Hungarian court declines challenge to primacy of EU law

BUDAPEST, Hungary (AP) — Hungary’s Constitutional Court on Friday declined to rule on a motion challenging the primacy of European Union law in a case involving the country’s treatment of refugees and asylum-seekers.

The decision came after Justice Minister Judit Varga challenged a ruling last December from the EU’s top court which found Hungary had failed to respect EU law by conducting pushbacks of people entering the country without authorization, denying them the right to apply for asylum and detaining them in “transit zones” along the southern border with Serbia.

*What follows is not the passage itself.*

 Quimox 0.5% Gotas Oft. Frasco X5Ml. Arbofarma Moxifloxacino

Hungary’s government, led by right-wing Prime Minister Viktor Orban, has engaged in frequent conflicts with the EU over immigration. In 2015, Hungary refused to participate in an EU scheme to settle hundreds of thousands of refugees across the bloc’s 27 member nations, and erected a razor wire fence across its southern border to keep migrants out.

In her motion, Varga asked the court to rule that the Court of Justice of the European Union’s (CJEU) decision requiring that migrants be granted the opportunity to apply for asylum was incompatible with Hungary’s constitution.

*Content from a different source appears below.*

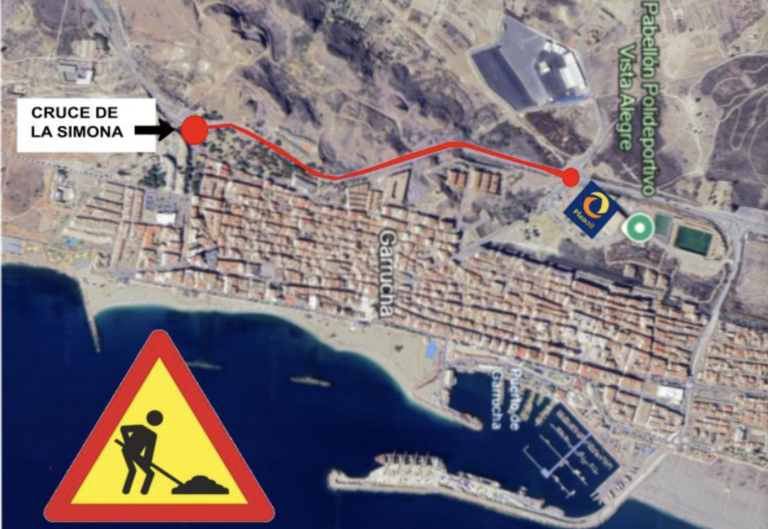 Corte total en la carretera A-370 a la altura de la Rotonda La Simona por obras este lunes y martes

It was a challenge to the primacy of EU law that echoed an October ruling from a court in Poland. That caused a crisis in the EU when the court declared that the Polish constitution took precedence over some of the bloc’s treaties.

In its Friday ruling, the Hungarian court stressed that the interpretation of Hungary’s constitution “cannot be aimed at reviewing the judgment of the CJEU, nor does the Constitutional Court’s procedure in the present case, by its very nature, extend to the review of the primacy of EU law.”

Reacting in a video on her Facebook page Friday, Varga portrayed the decision as a victory for her government, noting that the court held that in matters of the joint exercise of competences between the EU and a member state, Hungary would be entitled to reserve its sovereignty.

“The Constitutional Court has made it clear in today’s judgment that as long as EU rules on immigration are not fully enforced, Hungary has the right to exercise these powers. It has the right to adapt its national rules to reality through additional specific solutions to ensure the effective protection of its borders,” Varga said.

But in a statement released on its website, human rights organization Hungarian Helsinki Committee wrote that the ruling meant that the government had no green light to continue ignoring the EU court’s decision.

“Continuing the sabre rattling miscarriage of justice will have serious human rights and financial consequences,” it said.

In a briefing to journalists on Friday, Christian Wigand, spokesman of the EU’s executive arm, said the European Commission would “analyze the ruling in detail” but noted that Hungarian authorities were obligated to implement the judgement of the EU court.

“We understand that the ruling does not as such challenge the principle of the primacy of EU law,” Wigand said.